Before and after school, students who want to learn to speak English come to this school where Francois helps them learn from an online curriculum. They do their work on individual laptops and have classroom discussions to practice conversation skills.
Students were just starting to arrive as we were leaving. They were happy for this chance to learn a valuable new skill.
Good things are happening here in Bamako. We have good members around us doing good things. Francois is fantastic.
Anounou is our Malian brother. We’ve worked together for a long time. He’s been to our Utah home, but today we got to visit his Malian home place and meet some of his family. Anounou’s father had 4 wives and 22 children. They are a close-knit family and they love and help each other.
Today Anounou took us to see where he grew up as a boy, here in the old part of Bamako. We met 2 of his brothers and 2 of his brother’s wives. They also felt like family to us. There was a peaceful feeling here in their 2 compounds. Friendships deepen when you get to visit the home places of those you love.
Anounou’s neighbor came out to meet us. Look at her beautiful henna hands!
This morning our friend, Anounou took us to visit Pascal, the woodcarver in his shop here in the old part of Bamako. It was amazing to see where these good men work on the Nativities and carvings they are making for us and for so many of our friends. In the picture above, the shop is where the break in the roof is, open on the top and on two sides. That’s were the chunks of wood turn into works of art.
As we approached, we found Pascal and 4 other men carving things we ordered a few weeks ago. They were seated on low chairs or slabs of wood on the dirt floor, with their work on their laps. There were no power tools, no lights, no fans, no floor, no inventory. They only work when they get orders and they have no shop to display their work so they can get more orders.
The families in our mission have already ordered more than 50 Nativities! That’s more work than these men have had in several years! They were ecstatic when I came today with more orders. Between them, these fathers have 22 children. What a blessing this will be to their families. They are so grateful to all who have placed orders. They love their work and they work hard, as you will see.
This is Pascal, who manages this shop. I’ve known him for many years now. Every year when we’ve come to Mali, we’ve ordered carvings from him for our annual Ouelessebougou Dinner Auction. Each year we’ve ordered 2 or 3 Nativities, a Noah’s Ark with animals, and some things like bowls, trays, or serving spoons. He also does very beautiful carvings of African women working or of animals.

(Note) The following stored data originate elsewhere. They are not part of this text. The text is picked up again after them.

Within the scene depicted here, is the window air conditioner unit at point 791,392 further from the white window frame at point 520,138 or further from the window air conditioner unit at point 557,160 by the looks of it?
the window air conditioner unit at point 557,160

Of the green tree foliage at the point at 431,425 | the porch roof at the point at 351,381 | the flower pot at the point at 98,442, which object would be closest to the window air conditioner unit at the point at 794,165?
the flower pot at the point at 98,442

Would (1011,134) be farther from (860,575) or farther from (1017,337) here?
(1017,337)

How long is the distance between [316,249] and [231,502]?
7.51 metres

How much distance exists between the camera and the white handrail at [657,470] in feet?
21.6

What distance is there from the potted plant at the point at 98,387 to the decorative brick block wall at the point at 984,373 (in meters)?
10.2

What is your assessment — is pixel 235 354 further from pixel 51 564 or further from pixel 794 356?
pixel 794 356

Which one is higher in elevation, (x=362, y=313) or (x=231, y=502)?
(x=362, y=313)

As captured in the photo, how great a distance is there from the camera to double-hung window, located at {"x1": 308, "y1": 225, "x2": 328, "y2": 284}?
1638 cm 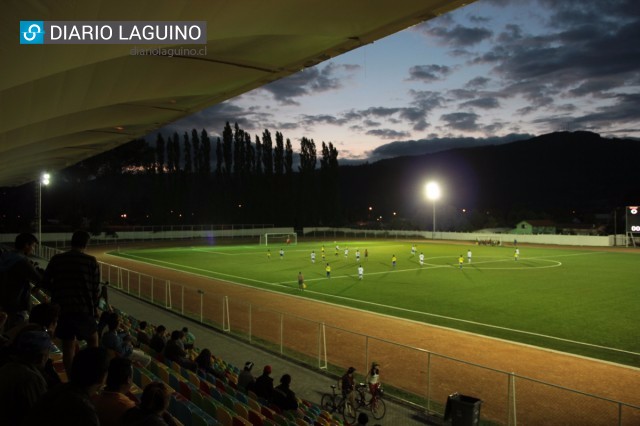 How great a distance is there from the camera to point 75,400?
2916 mm

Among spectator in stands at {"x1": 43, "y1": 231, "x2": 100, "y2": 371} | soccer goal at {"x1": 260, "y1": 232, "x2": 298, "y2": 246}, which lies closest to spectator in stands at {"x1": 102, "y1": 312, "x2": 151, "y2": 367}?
spectator in stands at {"x1": 43, "y1": 231, "x2": 100, "y2": 371}

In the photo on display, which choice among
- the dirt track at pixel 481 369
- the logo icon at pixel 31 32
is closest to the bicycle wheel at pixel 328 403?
the dirt track at pixel 481 369

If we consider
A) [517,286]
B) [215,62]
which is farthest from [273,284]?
[215,62]

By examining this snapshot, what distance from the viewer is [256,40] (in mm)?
5930

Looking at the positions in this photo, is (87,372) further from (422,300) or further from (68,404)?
(422,300)

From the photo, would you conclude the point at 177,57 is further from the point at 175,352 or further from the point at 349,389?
the point at 349,389

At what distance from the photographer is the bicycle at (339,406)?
9.71 m

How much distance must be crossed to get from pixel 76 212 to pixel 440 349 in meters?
67.6

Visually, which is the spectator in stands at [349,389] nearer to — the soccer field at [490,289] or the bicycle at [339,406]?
the bicycle at [339,406]

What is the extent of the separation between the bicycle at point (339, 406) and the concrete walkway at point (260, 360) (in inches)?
14.1

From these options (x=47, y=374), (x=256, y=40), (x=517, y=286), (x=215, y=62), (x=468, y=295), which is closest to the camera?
(x=47, y=374)

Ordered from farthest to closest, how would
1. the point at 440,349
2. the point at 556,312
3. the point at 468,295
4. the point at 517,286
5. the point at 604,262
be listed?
the point at 604,262 < the point at 517,286 < the point at 468,295 < the point at 556,312 < the point at 440,349

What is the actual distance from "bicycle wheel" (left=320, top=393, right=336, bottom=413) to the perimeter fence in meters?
1.51

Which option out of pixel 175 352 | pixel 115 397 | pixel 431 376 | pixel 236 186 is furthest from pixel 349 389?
pixel 236 186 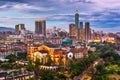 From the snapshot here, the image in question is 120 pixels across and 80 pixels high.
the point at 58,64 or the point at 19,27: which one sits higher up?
the point at 19,27

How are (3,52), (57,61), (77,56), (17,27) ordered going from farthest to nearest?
(17,27)
(3,52)
(77,56)
(57,61)

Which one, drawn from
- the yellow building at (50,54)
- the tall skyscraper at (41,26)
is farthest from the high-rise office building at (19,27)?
the yellow building at (50,54)

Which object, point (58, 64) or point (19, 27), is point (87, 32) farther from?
point (58, 64)

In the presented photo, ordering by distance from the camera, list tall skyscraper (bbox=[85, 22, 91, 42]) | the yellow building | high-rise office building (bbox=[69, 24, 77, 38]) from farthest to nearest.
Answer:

Today he was working on an animal for one of the Nativity sets. He told me every carver knows how to make every piece for every Nativity set. They didn’t have samples sitting in front of them to copy, they just know how to work the wood and turn it into something beautiful.
Pascal carries his inventory in this leather sack and in his back pack. He pulled out the little bit of inventory they had on hand.

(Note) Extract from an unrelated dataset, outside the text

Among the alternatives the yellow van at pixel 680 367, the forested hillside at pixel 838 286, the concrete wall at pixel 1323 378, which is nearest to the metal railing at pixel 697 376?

This man is making the Mary and Joseph with baby Jesus in the African hut. He copied one I found in the markets near Abidjan. Pascal said it takes one carver 4 days to make this piece. This Nativity sells for $25. That’s about $6 a day divided by 8 hours = about $.75 an hour.
This next carver is making the marionette Nativity. The arms on these pieces move.
This man is making the arm pieces.
The wood they use is Teak. One of the older men here today had brought this wood to them. He was resting now.
Here is the tool box. Every single bit is done by hand.
Even things like bowls are carved by hand, not turned.
Here is Pascal’s price list for each piece they make:
What an interesting visit! I love watching how things are made and I love the feeling of my appreciation increasing because of that. The work these men do will be treasured by me and by many others.